Assignment: Write out nothing but the lines from the one containing "Photo of free Navy sofa (Salisbury) #2" through the last line below, both included, and without the pictures.

(Dataset items)

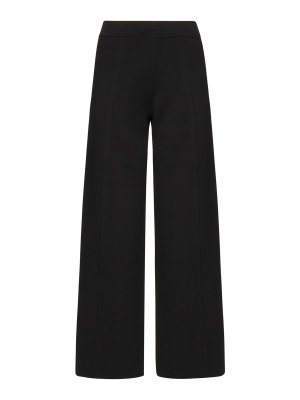 Max Mara: カジュアルトラウザー - カジュアルパンツ - 黒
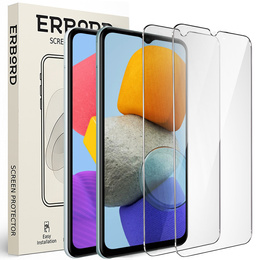 2x Tempered Glass for Samsung Galaxy M23 / M13, ERBORD 9H Hard Glass for phone screen
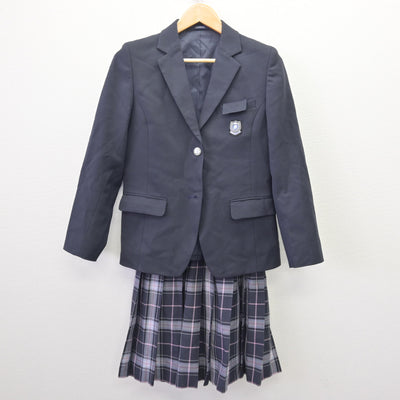 【中古】北海道 旭川市立中央中学校 女子制服 3点 (ブレザー・ニットベスト・スカート) sf114539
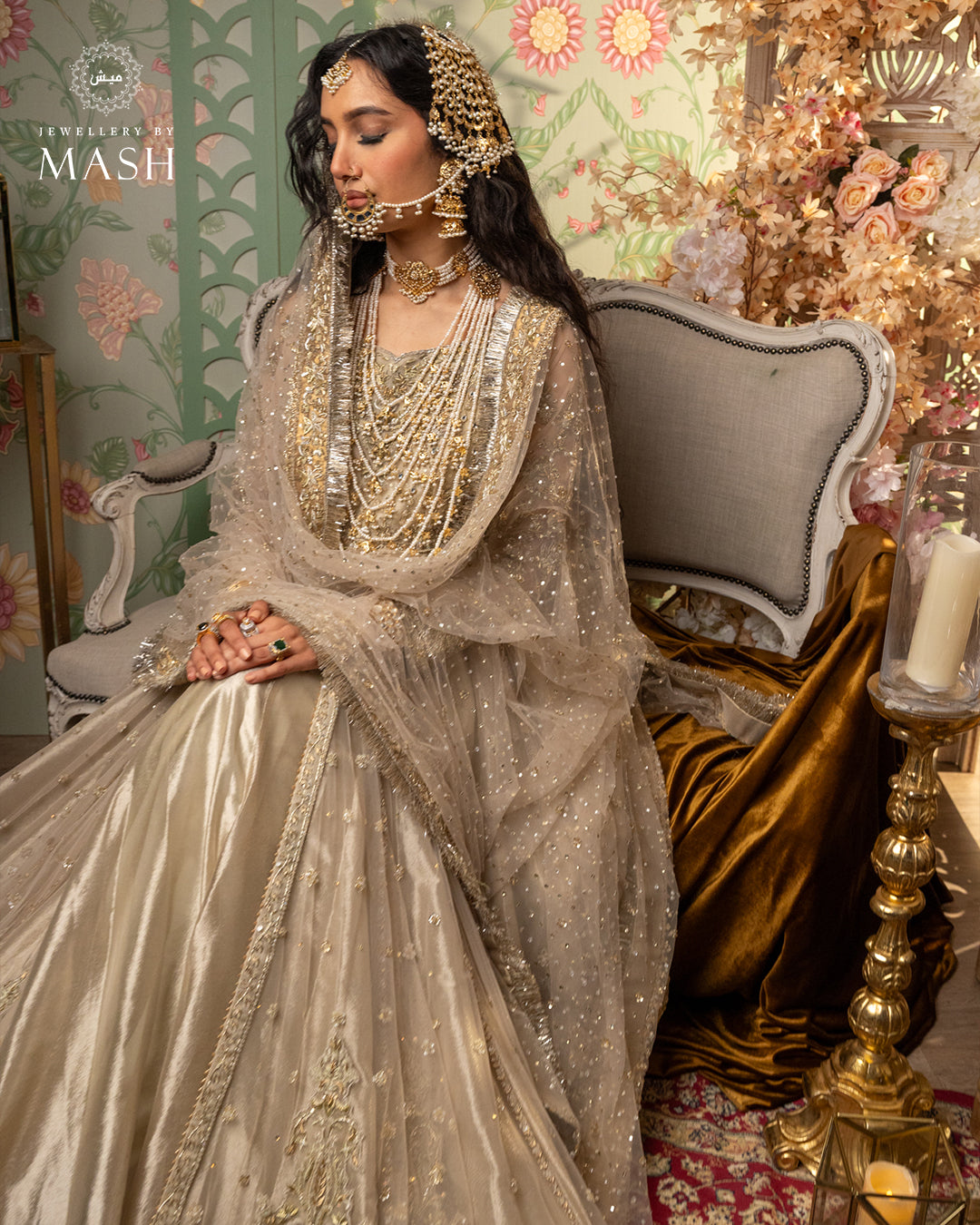 Alamzeb | The Heeramandi Inspired Traditional Jewellery Set (Real Precious Pearl’s)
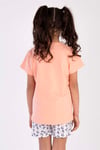 Vienetta 2127127601 Kız Çocuk Kısa Kollu Şortlu Pijama Takımı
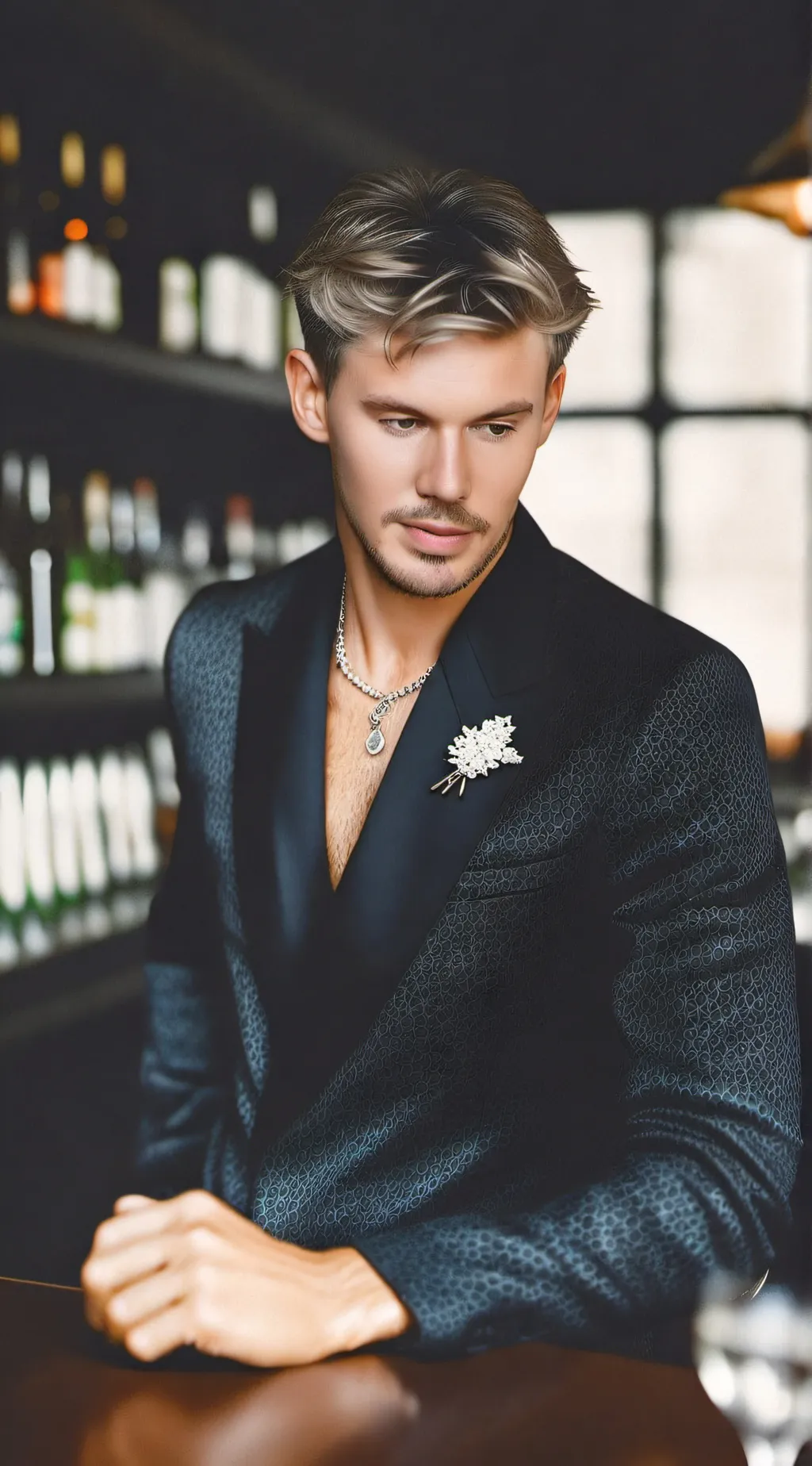 ai character: Austin Butler background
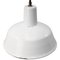 Vintage Industrial Factory White Enamel Pendant Lights, Image 1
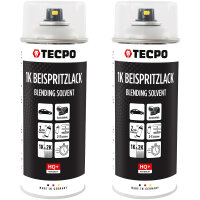 2x TECPO 1K Beispritzlack, 400 ml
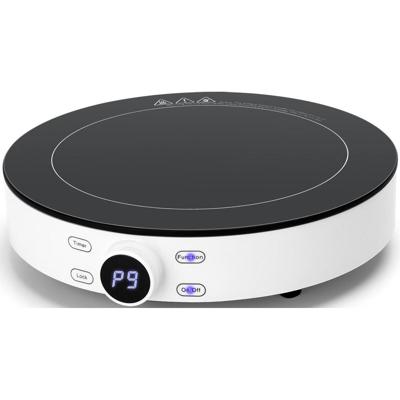 Inductie Kookplaat 2000W - Touch Control & LED Display - Zwart/Wit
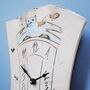 Cat Pendulum Handmade Wall Clock, thumbnail 3 of 8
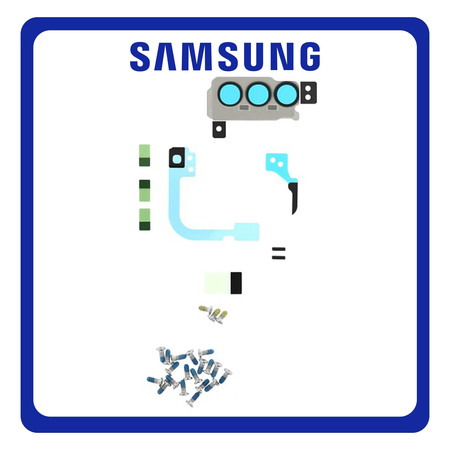 Γνήσια Original Samsung Galaxy S21 Plus 5G (SM-G996B, SM-G996B/DS) Rework Adhesive Tape Kit Battery Cover Film Glue, Πίσω Διπλής Όψης Κόλλα GH82-24565A (Service Pack By Samsung)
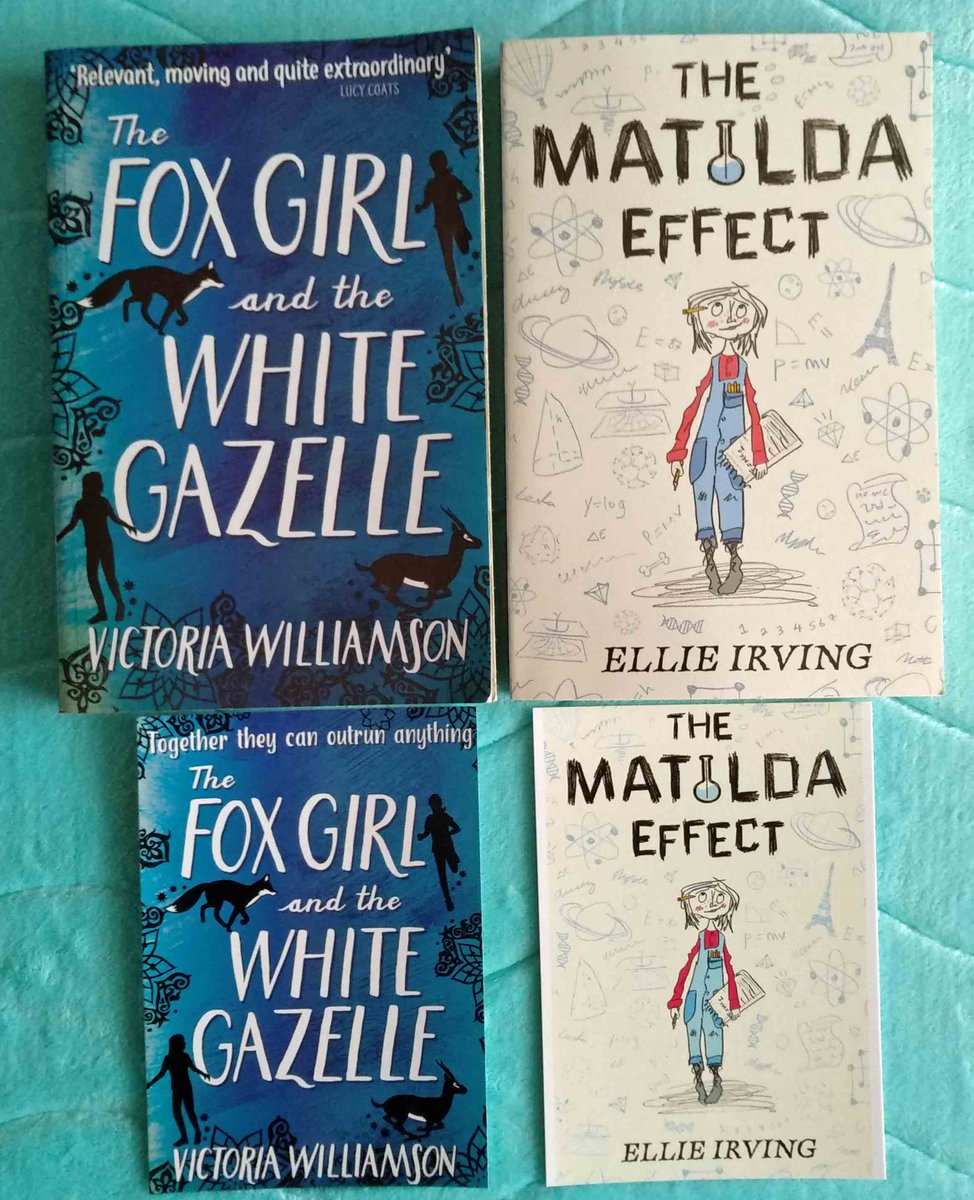 strangelymagic's tweet photo. The Fox Girl and the White Gazelle will be a year old this month! To mark the occasion, I'm doing a double giveaway each week! Next up are signed copies of both Fox Girl and @Ellie_Irving's hilarious The Matilda Effect. RT &amp; follow us both before 12 noon on Mon April 15th to win! https://t.co/ebR07AS7Qg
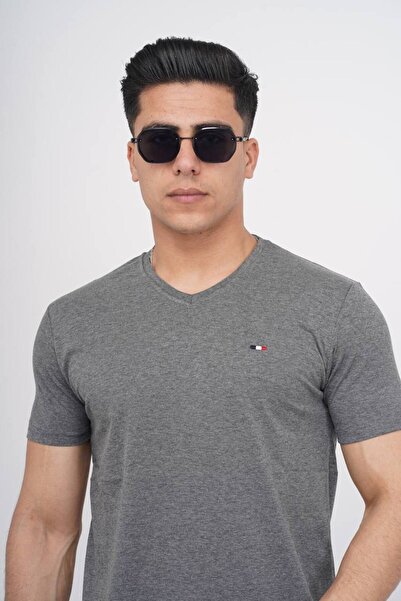 Est Estola Ανδρικό μπλουζάκι Koton Lycra Slim Fit με λαιμόκοψη 3ο ΣΕΤ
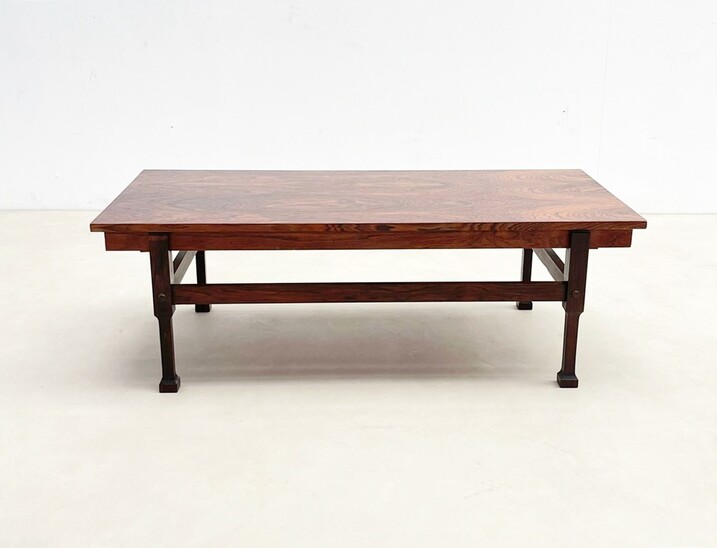 Mid-century rosewood extendable coffee table - Italy 1960s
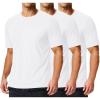 imageCOOFANDY 3 Pack Mens Athletic TShirts Short Sleeve  Quick Dry Moisture Wicking Workout Shirts for Running Gym CasualWhiteWhiteWhite3 Pack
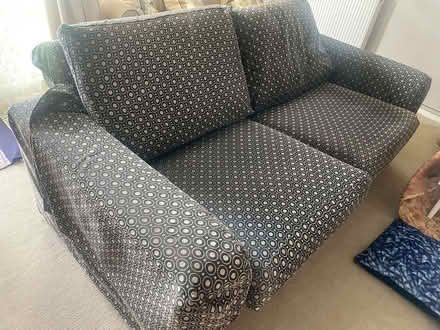 Photo of free Navy sofa (Salisbury) #2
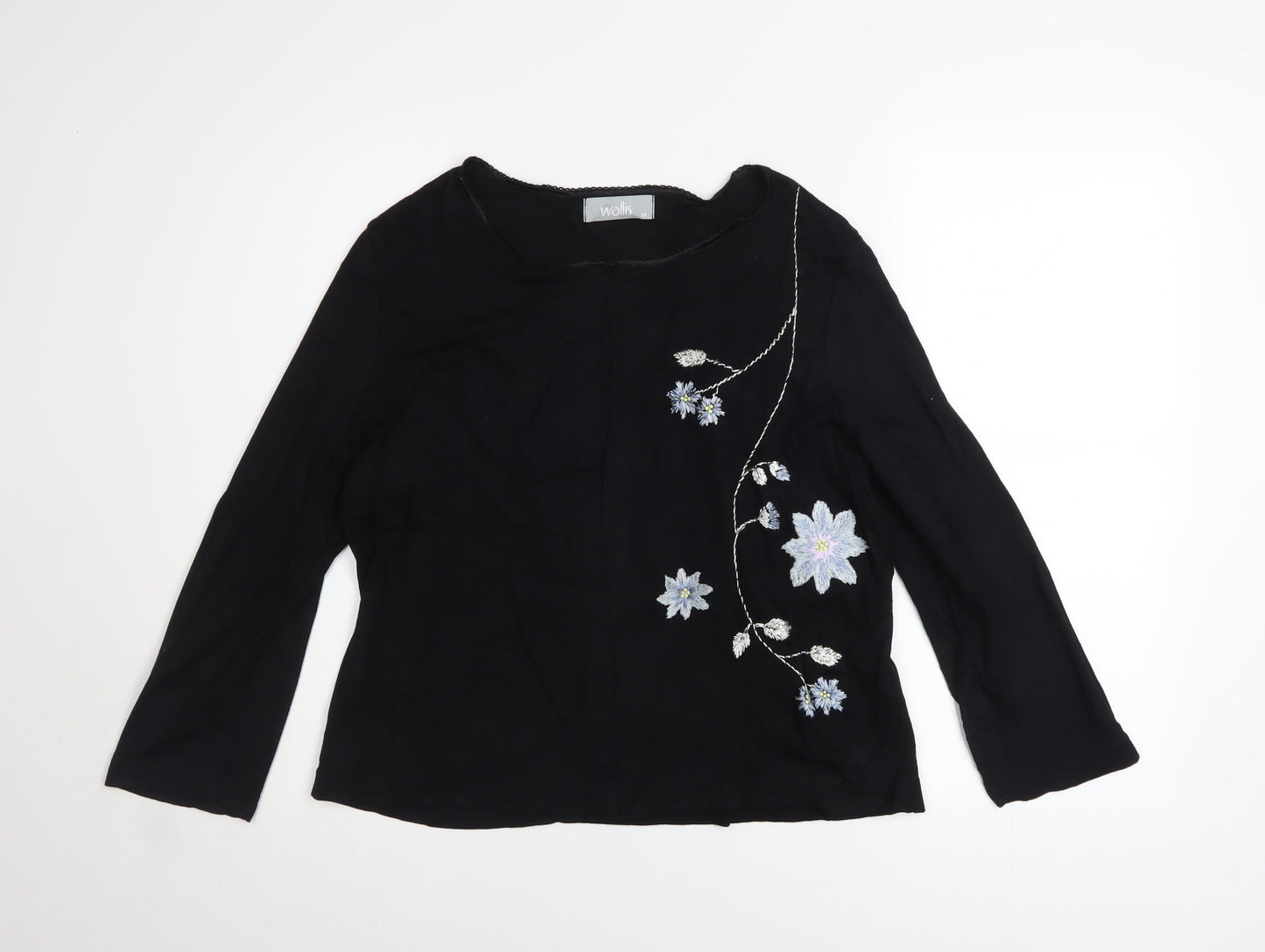 Womens UK Size 12 Wallis Black Pullover Jumper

Result below:
 Photo of free Navy sofa (Salisbury) #2
 Womens UK Size 12 Wallis Black Pullover Jumper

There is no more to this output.